### Aim of the exercise
In the material below, pictures must be dropped. Repeat exactly, and only, the lines from the line with "Западный тиранн - ML647377765" to the line with "Limeberry blossom kit", both ends included.

═══ Data to use ═══

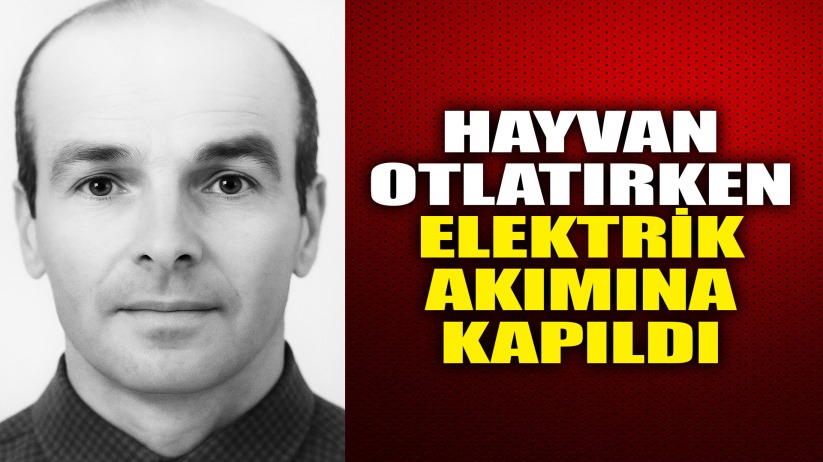 Hayvan otlatırken elektrik akımına kapılan şahıs hayatını kaybetti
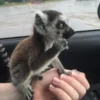 ring tailed lemur monkey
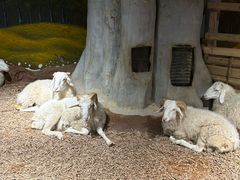 -正佳雨林生态植物园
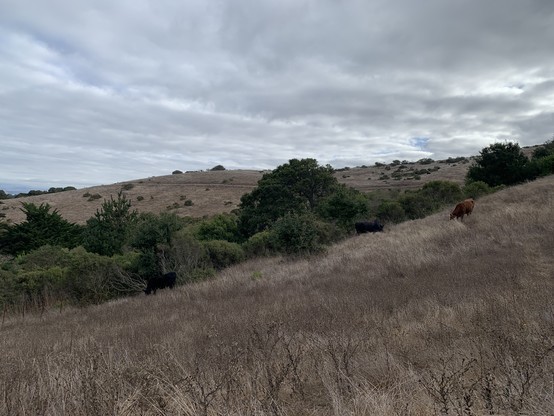cattle graze on a steep hill under a cloudy sky.  what little green there is to be seen is provided by shrubs and small trees.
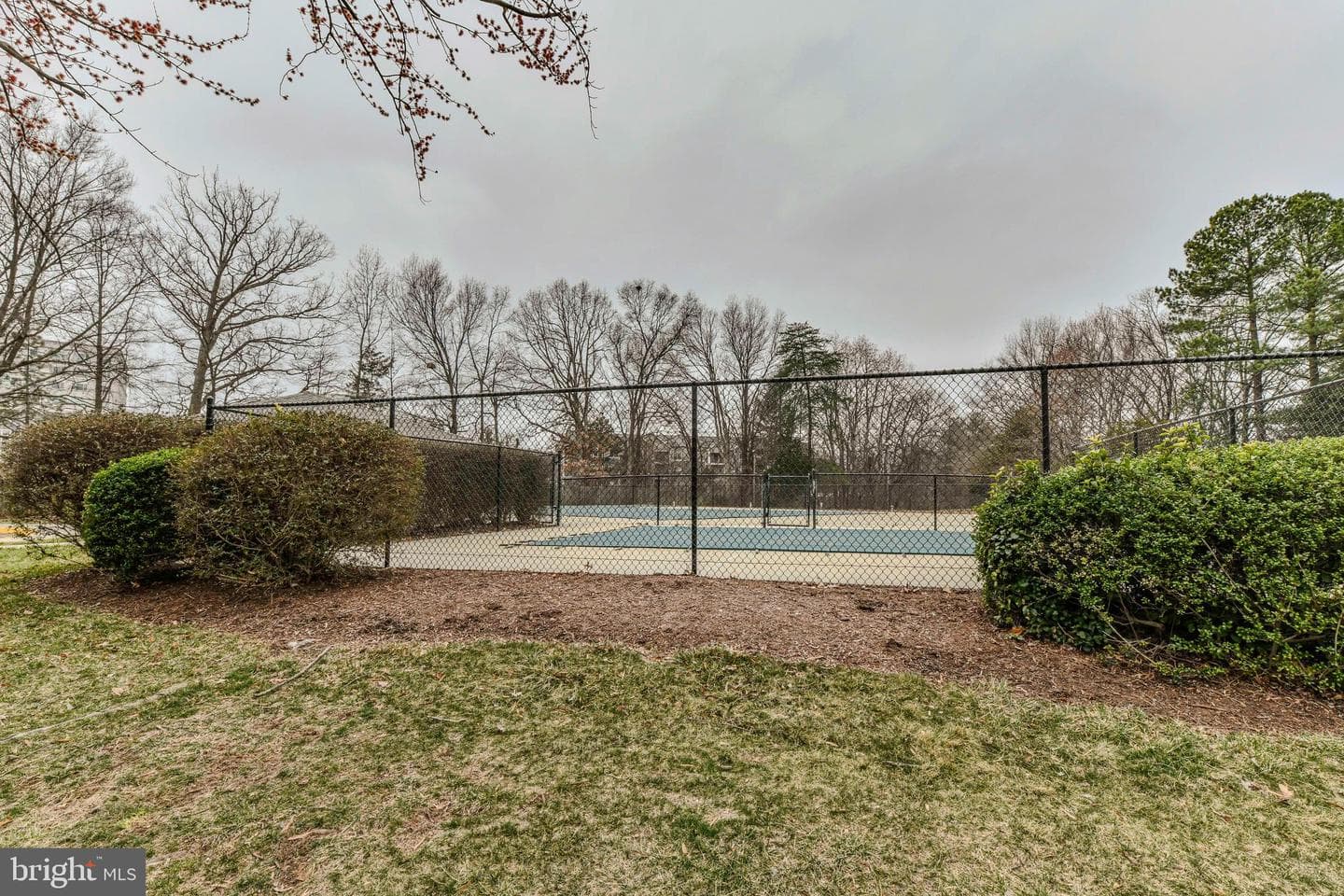 356 Juniper Court photo 40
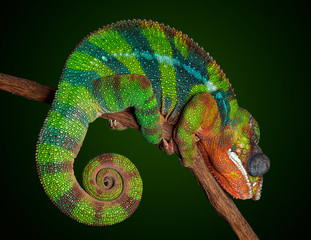Sleeping chameleon © Cathy Keifer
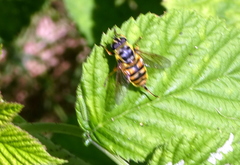 Myathropa florea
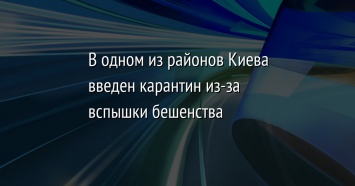 В одном из районов Киева введен карантин из-за вспышки бешенства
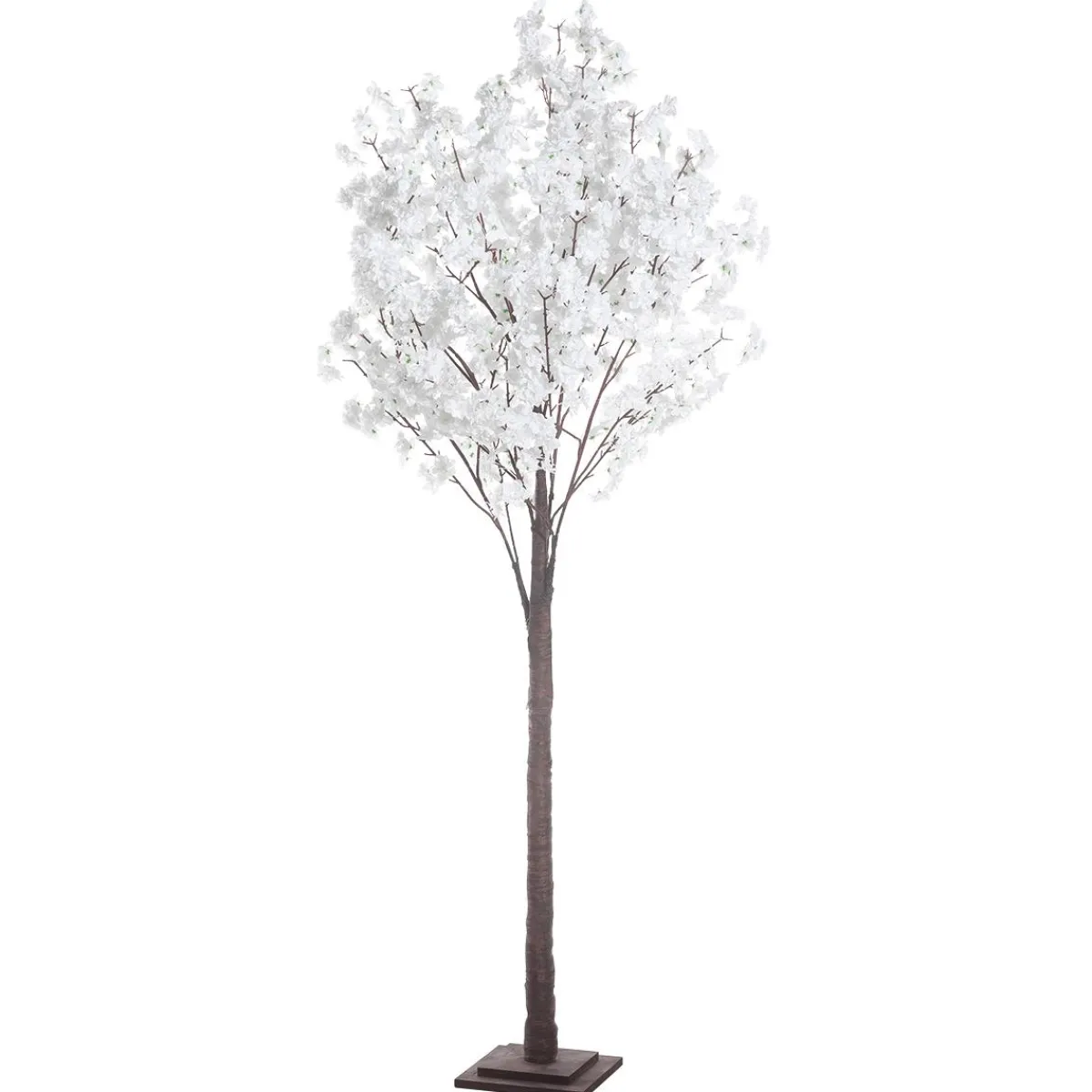 Cerisier à Fleurs, 200 Cm-DecoWoerner Best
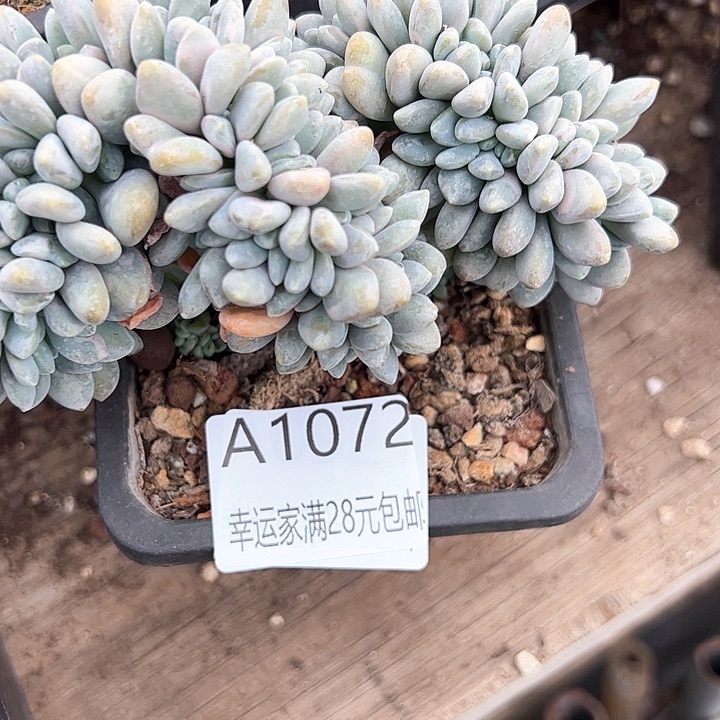 幸运的是我的朋友们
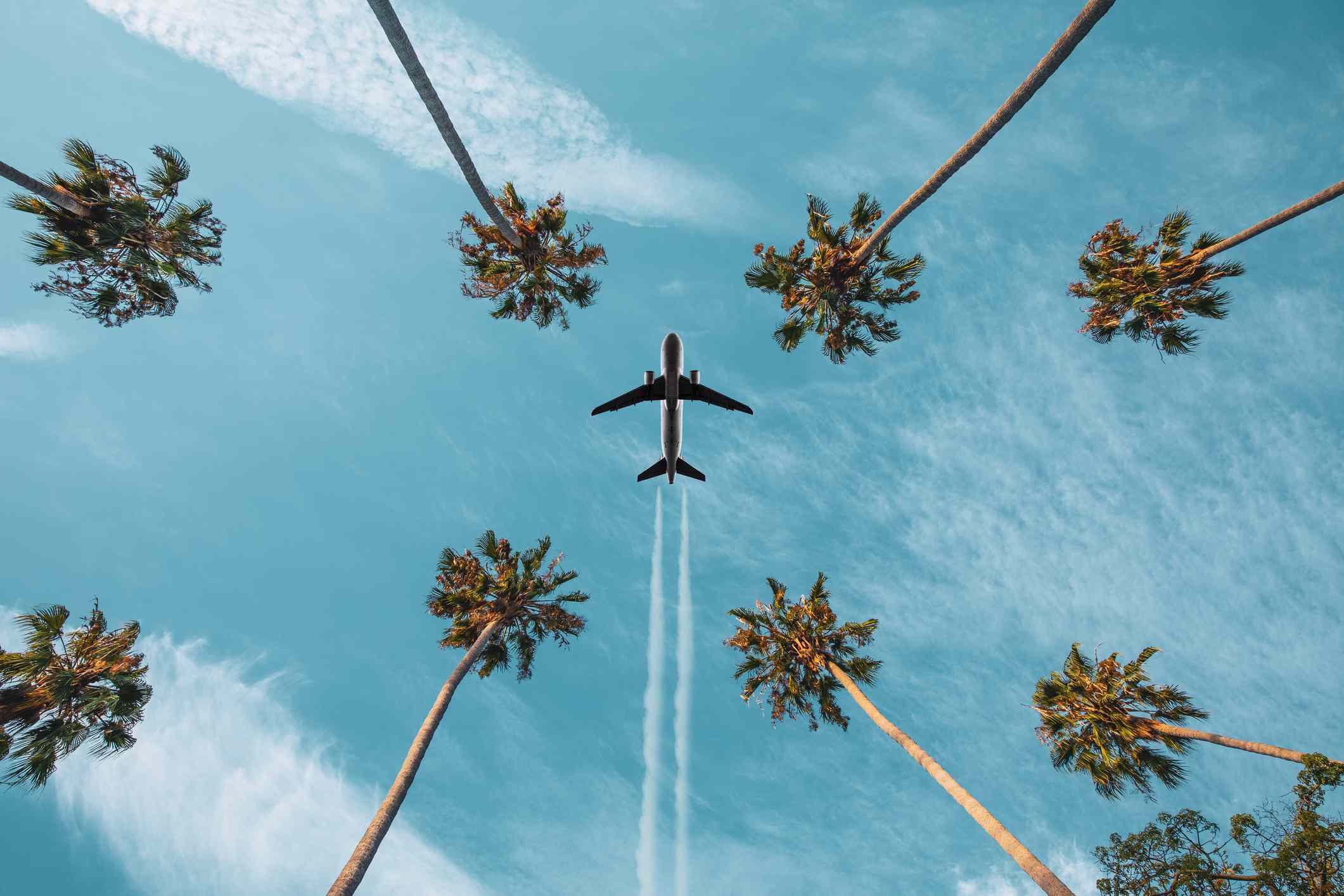 Avión volando por encima de las palmeras, dejando estelas de vapor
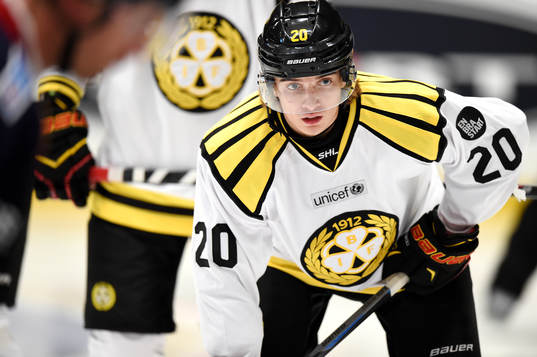Brynäs Adam Brodecki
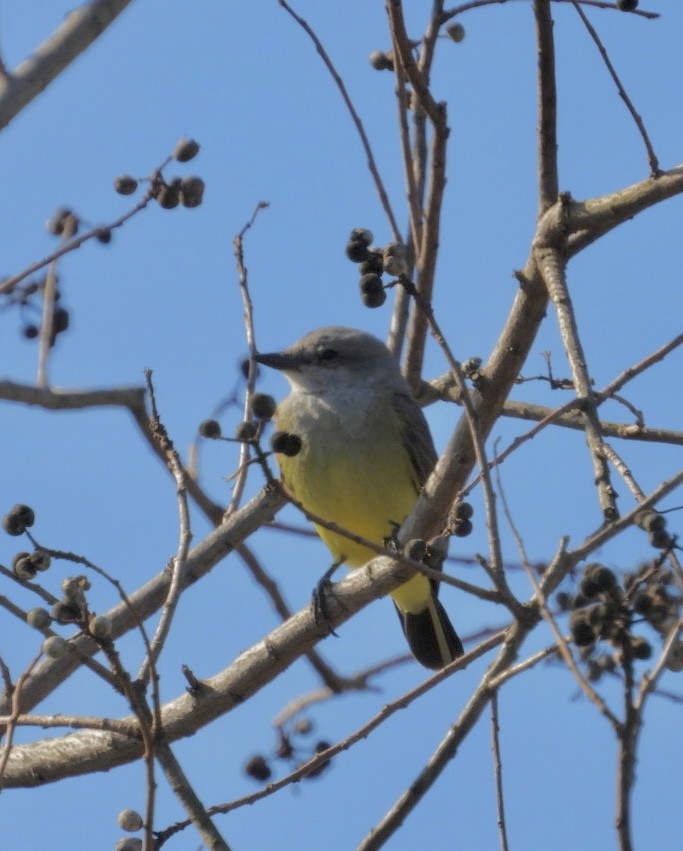 Западный тиранн - ML647377765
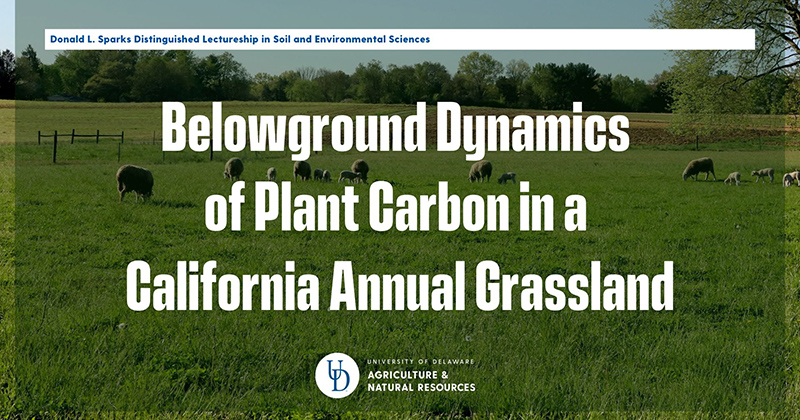 Facebook Event Header - Sparks Lectureship 2023 (1920x1080) - 1 Sheep grazing in field behind overlaid text Belowground dynamics of recently fixed plant carbon in a California annual grassland
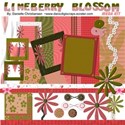Limeberry blossom kit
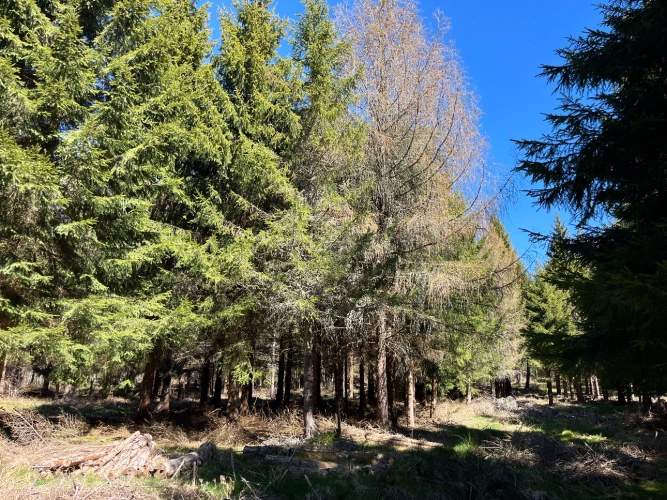 Photos 6 - Forestière - Forêt de production résineuse dans le Massif central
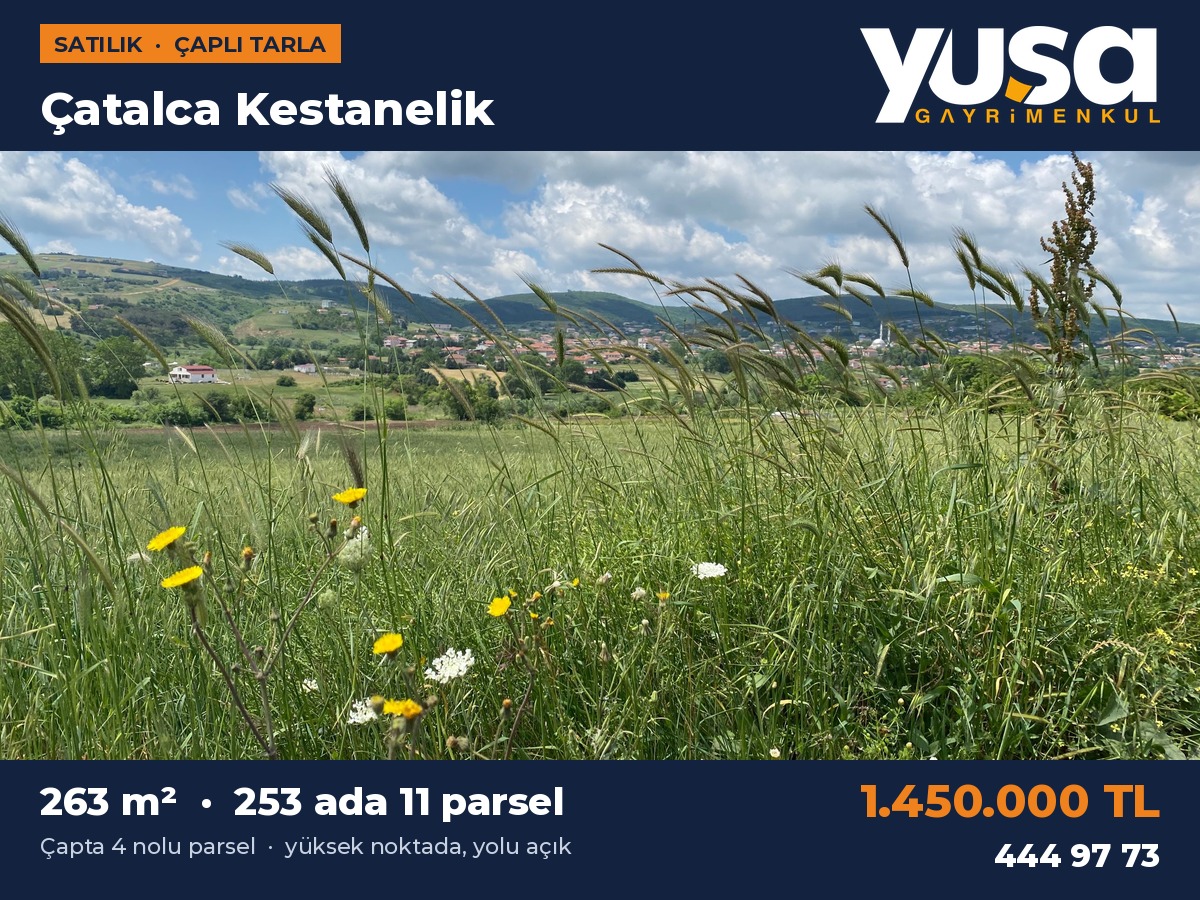 Çatalca Kestanelik 253 Ada 11 Parsel 263 m² Çaplı Tarla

═══

### Your response
 Западный тиранн - ML647377765
 Facebook Event Header - Sparks Lectureship 2023 (1920x1080) - 1 Sheep grazing in field behind overlaid text Belowground dynamics of recently fixed plant carbon in a California annual grassland
Limeberry blossom kit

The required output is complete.